++++ PROVIDED RECORDS ++++

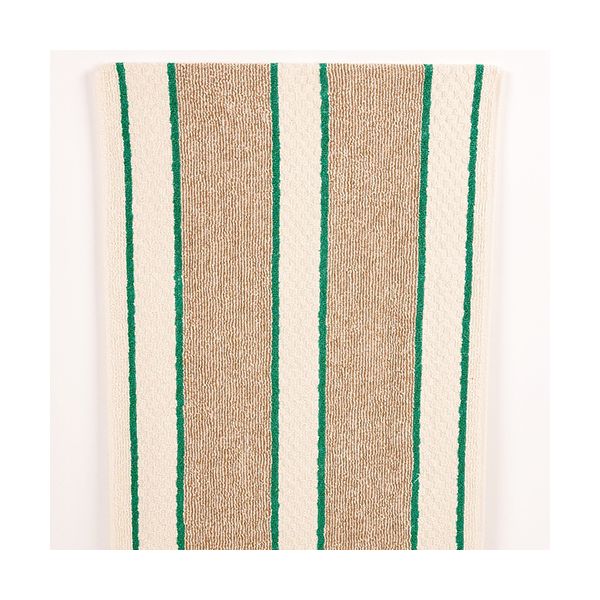 Range Towel Green Stripe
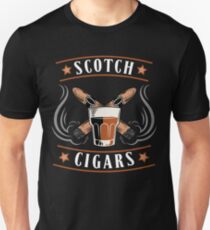 Scotch Cigar Gift | Cigar Gift For Men | Cigar Gift For Him | Cigar Gift for Dad | Unique Cigar Gifts | Cigar Shirt | Birthday Cigar Gift | Cigar Lovers Unisex T-Shirt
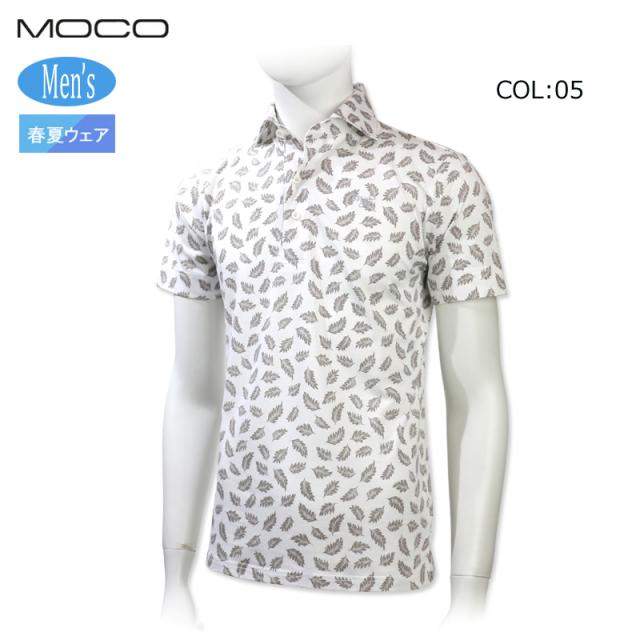 モコ MOCO 21-2241243 メンズ 半袖 シャツ ゴルフウェア スポーツウェア 春夏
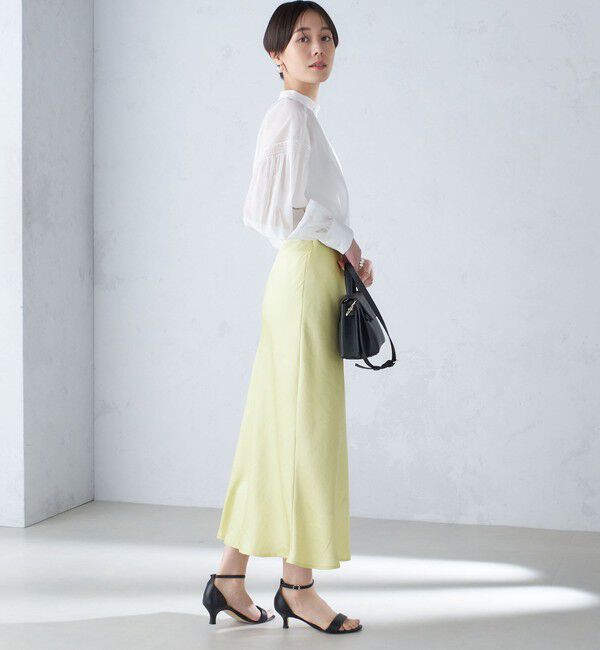 SHIPS for women「〈手洗い可能〉ボイル オーガンジー シャーリング ボリューム ブラウス 24SS ◇」|シャツ・ブラウス|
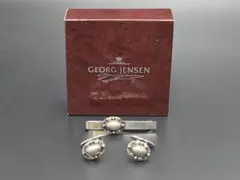 Georg Jensen　ジョージジェンセン　ネクタイピン＆カフスセットのサムネイル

++++

PROBLEM ▸ Set down exactly and only the lines from the line that contains "モコ MOCO 21-2241243" through the last line of the entries above, with both of those lines included and the pictures left out.

ANSWER BOX ▸
 モコ MOCO 21-2241243 メンズ 半袖 シャツ ゴルフウェア スポーツウェア 春夏
 SHIPS for women「〈手洗い可能〉ボイル オーガンジー シャーリング ボリューム ブラウス 24SS ◇」|シャツ・ブラウス|
 Georg Jensen　ジョージジェンセン　ネクタイピン＆カフスセットのサムネイル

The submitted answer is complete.